I only heard that this was a thing the week after Terry Pratchett died. And it's been fantastic. I've been watching his videos or, where appropriate, converting them to MP3 and listening to them in the car. Not only does it convert these old familiar books into brand new experiences for me, but it comes at a time when 1. I wanted to commemorate the author's passing with a read-through of my own, but 2. all my books are in storage and I can't easily get to them. So I get to have Mark read them to me! And I get to hear him react to the awesomeness! And the hilarity! And the puns, dear Gods, the puns. (Oh Gods the "horse d'oeurves" pun. Mark's reaction to the pun. It takes him like three minutes to get past it, it hits him that hard. I love Mark this much, y'all.)

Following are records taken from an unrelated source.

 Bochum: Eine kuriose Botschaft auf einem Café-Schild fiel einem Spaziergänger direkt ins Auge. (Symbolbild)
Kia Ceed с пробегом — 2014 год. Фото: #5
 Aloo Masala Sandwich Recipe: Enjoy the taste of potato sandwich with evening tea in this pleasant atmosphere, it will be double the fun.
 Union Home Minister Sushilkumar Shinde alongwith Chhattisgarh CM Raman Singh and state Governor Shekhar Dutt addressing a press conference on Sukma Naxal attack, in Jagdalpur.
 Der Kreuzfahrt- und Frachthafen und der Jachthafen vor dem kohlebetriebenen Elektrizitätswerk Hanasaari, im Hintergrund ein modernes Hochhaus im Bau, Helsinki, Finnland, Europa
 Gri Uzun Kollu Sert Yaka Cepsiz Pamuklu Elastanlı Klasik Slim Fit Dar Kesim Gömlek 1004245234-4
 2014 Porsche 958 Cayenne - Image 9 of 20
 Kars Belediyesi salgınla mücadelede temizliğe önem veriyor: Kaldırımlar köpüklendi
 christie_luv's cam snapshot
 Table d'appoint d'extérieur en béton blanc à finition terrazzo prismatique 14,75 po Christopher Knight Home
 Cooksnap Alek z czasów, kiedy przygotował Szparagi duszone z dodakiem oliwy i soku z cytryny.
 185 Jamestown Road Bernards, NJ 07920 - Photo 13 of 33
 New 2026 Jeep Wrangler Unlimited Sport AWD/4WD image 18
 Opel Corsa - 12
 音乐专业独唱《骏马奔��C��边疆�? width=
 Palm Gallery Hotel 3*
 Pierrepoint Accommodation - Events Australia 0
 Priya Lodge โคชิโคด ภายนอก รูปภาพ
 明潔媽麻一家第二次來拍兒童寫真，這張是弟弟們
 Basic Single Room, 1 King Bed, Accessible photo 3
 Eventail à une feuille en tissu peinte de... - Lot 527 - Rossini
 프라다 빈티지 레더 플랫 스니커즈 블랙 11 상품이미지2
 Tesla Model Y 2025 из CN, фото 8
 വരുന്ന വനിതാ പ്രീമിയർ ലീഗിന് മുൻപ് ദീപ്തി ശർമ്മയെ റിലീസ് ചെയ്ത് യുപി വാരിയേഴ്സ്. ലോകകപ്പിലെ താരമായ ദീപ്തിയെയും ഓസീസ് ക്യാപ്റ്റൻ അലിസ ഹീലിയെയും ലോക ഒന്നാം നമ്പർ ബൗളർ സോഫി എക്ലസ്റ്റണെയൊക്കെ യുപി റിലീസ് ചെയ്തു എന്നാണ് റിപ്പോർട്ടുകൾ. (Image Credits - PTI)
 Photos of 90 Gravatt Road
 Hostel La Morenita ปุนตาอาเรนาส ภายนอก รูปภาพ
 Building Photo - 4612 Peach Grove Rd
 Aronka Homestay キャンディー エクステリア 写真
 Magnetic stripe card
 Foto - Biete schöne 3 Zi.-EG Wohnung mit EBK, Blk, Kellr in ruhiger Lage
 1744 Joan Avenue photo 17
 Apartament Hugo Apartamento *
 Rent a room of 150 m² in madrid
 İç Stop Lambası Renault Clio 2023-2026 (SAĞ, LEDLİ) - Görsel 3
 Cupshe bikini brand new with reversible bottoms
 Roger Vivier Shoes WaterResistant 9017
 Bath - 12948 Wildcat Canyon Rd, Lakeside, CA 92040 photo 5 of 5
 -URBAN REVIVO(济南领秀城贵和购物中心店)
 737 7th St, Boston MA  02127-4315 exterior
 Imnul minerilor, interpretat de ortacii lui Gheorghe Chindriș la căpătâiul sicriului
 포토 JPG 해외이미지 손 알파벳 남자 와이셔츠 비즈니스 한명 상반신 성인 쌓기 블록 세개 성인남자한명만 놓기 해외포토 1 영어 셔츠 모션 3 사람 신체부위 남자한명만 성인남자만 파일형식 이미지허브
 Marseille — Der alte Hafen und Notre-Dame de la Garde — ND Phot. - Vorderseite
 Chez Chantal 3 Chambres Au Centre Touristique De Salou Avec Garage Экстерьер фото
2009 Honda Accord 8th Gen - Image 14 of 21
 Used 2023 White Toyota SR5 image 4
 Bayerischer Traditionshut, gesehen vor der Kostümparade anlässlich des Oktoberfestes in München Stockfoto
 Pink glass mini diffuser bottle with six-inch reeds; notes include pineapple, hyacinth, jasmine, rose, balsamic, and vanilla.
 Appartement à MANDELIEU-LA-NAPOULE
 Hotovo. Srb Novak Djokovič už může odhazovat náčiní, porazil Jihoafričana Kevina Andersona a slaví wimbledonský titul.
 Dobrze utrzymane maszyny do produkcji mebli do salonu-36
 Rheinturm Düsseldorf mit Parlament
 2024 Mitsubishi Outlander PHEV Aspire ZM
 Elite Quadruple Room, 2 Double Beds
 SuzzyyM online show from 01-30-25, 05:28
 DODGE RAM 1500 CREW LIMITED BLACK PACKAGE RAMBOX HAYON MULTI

I've just gotten up to Mark's read-through of Mort. And it occurs to me I may never actually have read Mort before. I could swear I'd borrowed it from a friend back in the late '90s, but I'm not recognizing any of it at all. Maybe my memory isn't intact--which would be odd, for me--but maybe The Last Continent isn't the last Discworld book I've yet to read? This is such a treat.

Like I told John, "Mark's reading Discworld! Expect my productivity to dip a bit." And so it has. Drat.